A data analysis solution will ingest, process and analyze data to finally deliver the insights in the shape of visualizations on a data visualization tool like DOMO, Amazon Quicksight or Power BI in an automated fashion and on schedule over periods of time (larger/shorter depending on the clients budget). The channel through which raw data for the solution is ingested and the shape of such data varies on the different media types where agencies run campaigns.

Digital

Anything within the internet. Facebook Ads, Google Ads, Youtube Advertising and any other web portal with ads usually powered by a mayor vendor like Teads. Since these are mainly tech companies, they’ll expose an API to extract non-relational data statistics of running campaigns and even some libraries for the most popular programming languages.

Cinema

Those fifteen minutes before every movie really add up to the client’s end numbers. You may have noticed advertising content is of a higher standard at the cinema.

Agencies will have the number of impressions (impressions = reproductions, biz jargon) of an ad campaign in cinema, flat file sheets mainly as these are filled up by someone in account management.

Depending on the size of the agency cinema companies may agree to deliver extracts of their sales database with which agencies can cross the known number of impressions to know the reach of an ad.
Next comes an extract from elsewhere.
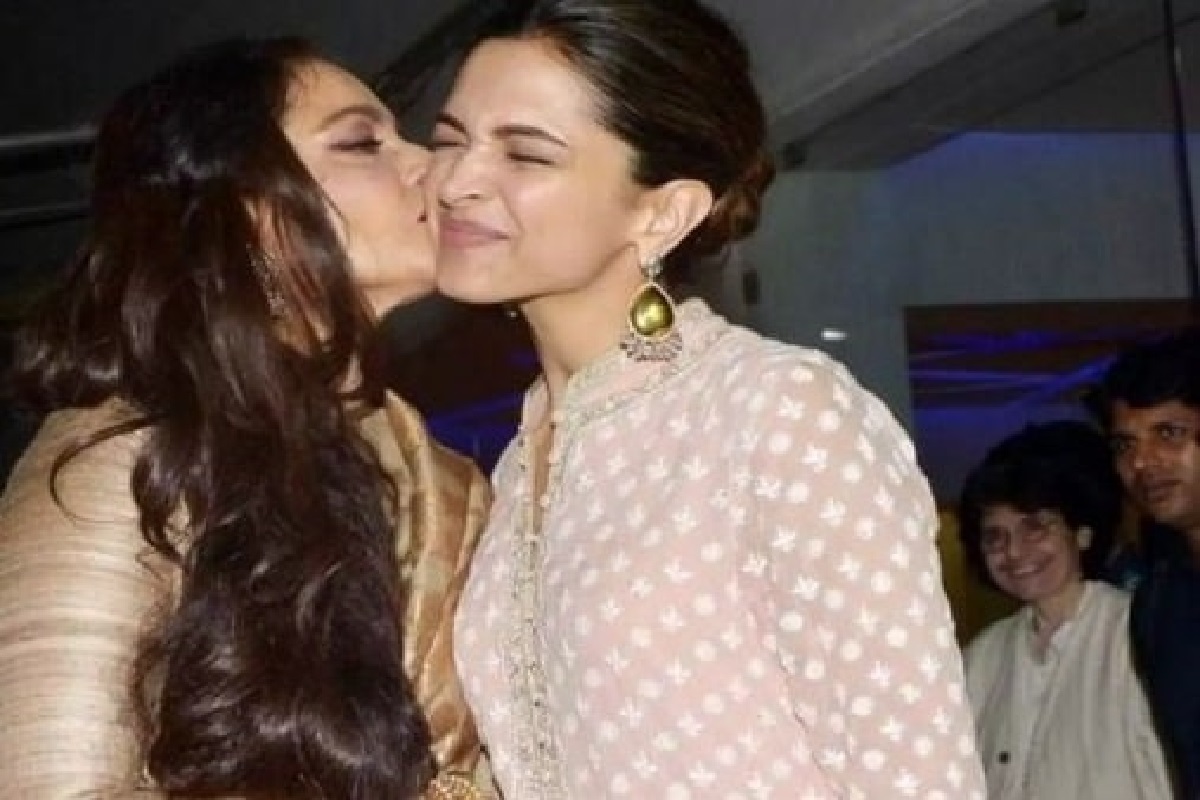 रेखा ने इन 7 सितारों को सरेआम किया था Kiss, अब वायरल हो रहीं तस्वीरें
We have a leak though for those that arrive 15 minutes late to their movie LOL.

TV

Pretty much the same as in cinema. Here, the reach field definitely needs to be filled up by the vendor part (TV company). TV companies collect their reach data 24/7 so this is most probably what they handle to the agency.

Radio, Press and OOH

You get it to this point, agencies need to collect raw data about things like planned budget, spent budget, impressions, reach, clicks, vendor, campaign feeling, audience demography data and conversion rate continuously in an incremental mode during the life of a campaign. Data analytics must be sophisticated enough to analyze data following common data fields across different data sets.

The solution

From an engineering perspective, we’ll want to have all this data collected in an automated fashion on schedule into an object storage like AWS S3, Microsoft Azure Storage Account or GCP Cloud Storage.

For the APIs we can use a script that sends requests to the vendor endpoints on schedule and pushes the response object to our cloud object storage service. At my job I use serverless architectures like AWS Lambda, Azure Functions or GCP Cloud Functions for this.
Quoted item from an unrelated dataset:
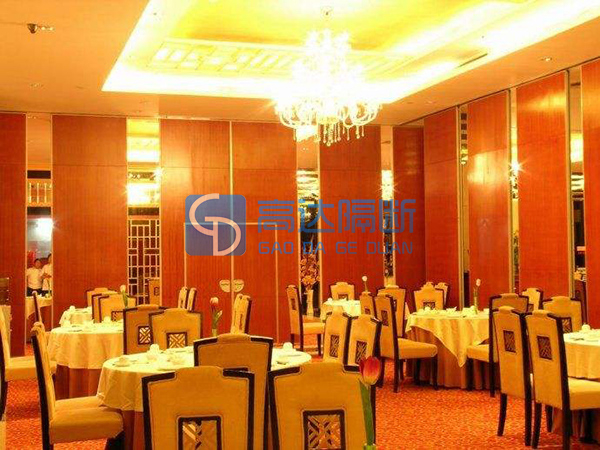 隔斷門(mén)中門(mén)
Since the rest of the data is provided to us by account management and third parties we need a way to give them access to our object storage. We can leave an SFTP server connected to our storage so that every time the server receives a file it maps it into an object within a folder of our object storage.

Once we have all these data sources connected we say the ingestion process is complete, the object storage is continuously fed off of all the data that the solution needs to process. This is called a data lake.
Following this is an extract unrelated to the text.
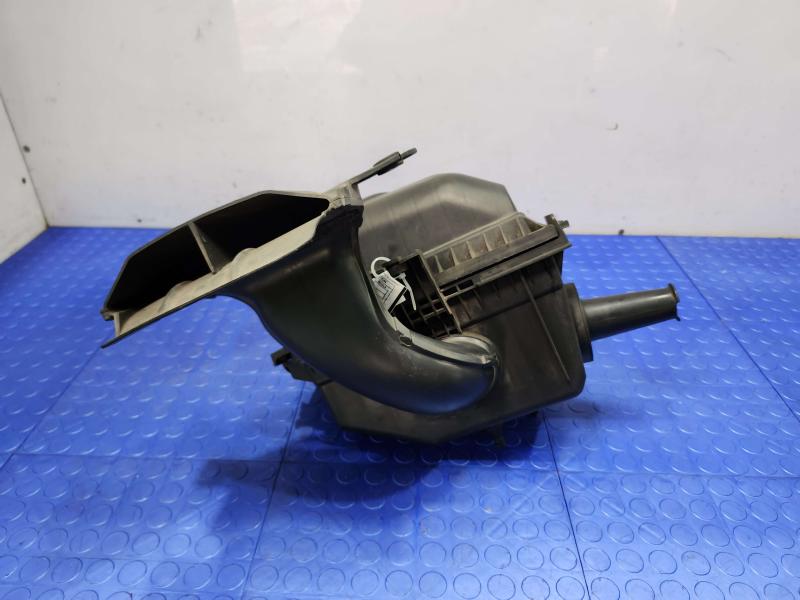 2011 Mazda CX-9 Air Cleaner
The rest of the process is just a bunch of ETL jobs and scripts to transform all the data into a shape that makes sense for analysis, this includes field renaming, data type assigning, regular expressions, complex JOIN operations and file format transformations to an analysis-friendly format like Parquet/ORC. These operations happen within tool frameworks like Hadoop, Spark or cloud managed solutions like AWS Glue, Microsoft Azure Data Factory or GCP Dataproc. One can also leverage on open source libraries like pandas for python. Jobs and scripts can run both on event triggers or on schedule.

Finally the solution needs to store the transformed data into another cloud object storage or better yet, a cloud hosted data warehouse like Amazon Redshift, Microsoft Azure Synapse or GCP Big Query.

Agencies will feed their data visualization tool of choice off of this data and the business intelligence department will handle the final dashboard/visualization design assuming the solution automatically updates the final data set every time there is new raw data. Account management hosts follow-up meetings with the client that orbit around these visualization dashboards and thousands of dollars get dynamically allocated on an almost daily basis heavily relying on data analytics.